Reitor da LSE critica políticas do governo trabalhista britânico
Larry Kramer, vice-reitor da London School of Economics, afirma que medidas do governo trabalhista prejudicam o setor universitário britânico.
Pontos principais
- O congelamento das mensalidades para estudantes domésticos pressiona as finanças das universidades.
- Restrições ao número de estudantes internacionais foram apontadas como um fator negativo.
- O aumento nas contribuições previdenciárias patronais elevou os custos operacionais das instituições.
- Kramer comparou o impacto das políticas trabalhistas aos efeitos das medidas do presidente Donald Trump.
Larry Kramer, vice-reitor da London School of Economics (LSE), manifestou forte oposição às recentes políticas adotadas pelo Partido Trabalhista britânico. Segundo o acadêmico, as medidas governamentais têm imposto um desgaste ao setor universitário comparável aos efeitos das políticas implementadas pelo presidente americano Donald Trump.

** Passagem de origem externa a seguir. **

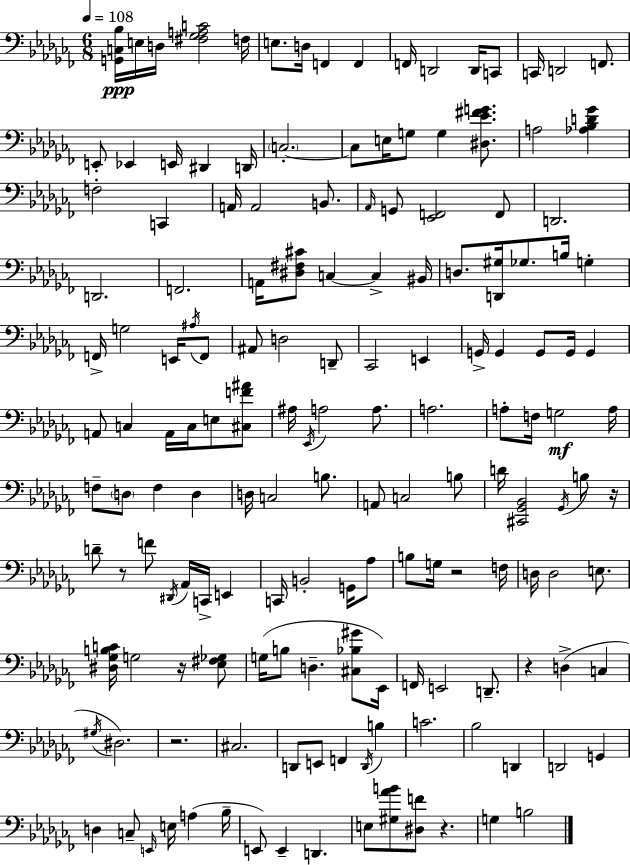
{
  \clef bass
  \numericTimeSignature
  \time 6/8
  \key aes \minor
  \tempo 4 = 108
  <g, c bes>16\ppp e16 d16 <fis ges a c'>2 f16 | e8. d16 f,4 f,4 | f,16 d,2 d,16 c,8 | c,16 d,2 f,8. | \break e,8-. ees,4 e,16 dis,4 d,16 | \parenthesize c2.-.~~ | c8 e16 g8 g4 <dis ees' fis' g'>8. | a2 <aes bes d' ges'>4 | \break f2-. c,4 | a,16 a,2 b,8. | \grace { aes,16 } g,8 <ees, f,>2 f,8 | d,2. | \break d,2. | f,2. | a,16 <dis fis cis'>8 c4~~ c4-> | bis,16 d8. <d, gis>16 ges8. b16 g4-. | \break f,16-> g2 e,16 \acciaccatura { ais16 } | f,8 ais,8 d2 | d,8-- ces,2 e,4 | g,16-> g,4 g,8 g,16 g,4 | \break a,8 c4 a,16 c16 e8 | <cis f' ais'>8 ais16 \acciaccatura { ees,16 } a2 | a8. a2. | a8-. f16 g2\mf | \break a16 f8-- \parenthesize d8 f4 d4 | d16 c2 | b8. a,8 c2 | b8 d'16 <cis, ges, bes,>2 | \break \acciaccatura { ges,16 } b8 r16 d'8-- r8 f'8 \acciaccatura { dis,16 } aes,16 | c,16-> e,4 c,16 b,2-. | g,16 aes8 b8 g16 r2 | f16 d16 d2 | \break e8. <dis ges b c'>16 g2 | r16 <ees fis ges>8 g16( b8 d4.-- | <cis bes gis'>8 ees,16) f,16 e,2 | d,8.-- r4 d4->( | \break c4 \acciaccatura { gis16 } dis2.) | r2. | cis2. | d,8 e,8 f,4 | \break \acciaccatura { d,16 } b4 c'2. | bes2 | d,4 d,2 | g,4 d4 c8-- | \break \grace { e,16 } e16 a4( bes16-- e,8) e,4-- | d,4. e8 <gis aes' b'>8 | <dis f'>8 r4. g4 | b2 \bar "|."
}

A crítica central recai sobre a combinação de restrições ao recrutamento de estudantes internacionais e o congelamento das mensalidades para alunos domésticos, que limitam a receita das instituições em um momento de alta nos custos operacionais.
Além da pressão orçamentária, Kramer destacou que o aumento nas contribuições previdenciárias patronais, conhecidas como national insurance, agrava a crise financeira das universidades. O posicionamento do reitor evidencia a crescente tensão entre a academia e o governo britânico, sinalizando preocupações sobre a sustentabilidade a longo prazo do modelo de ensino superior no Reino Unido diante das atuais diretrizes econômicas.
Tópicos relacionados
Comentários
Carregando comentários...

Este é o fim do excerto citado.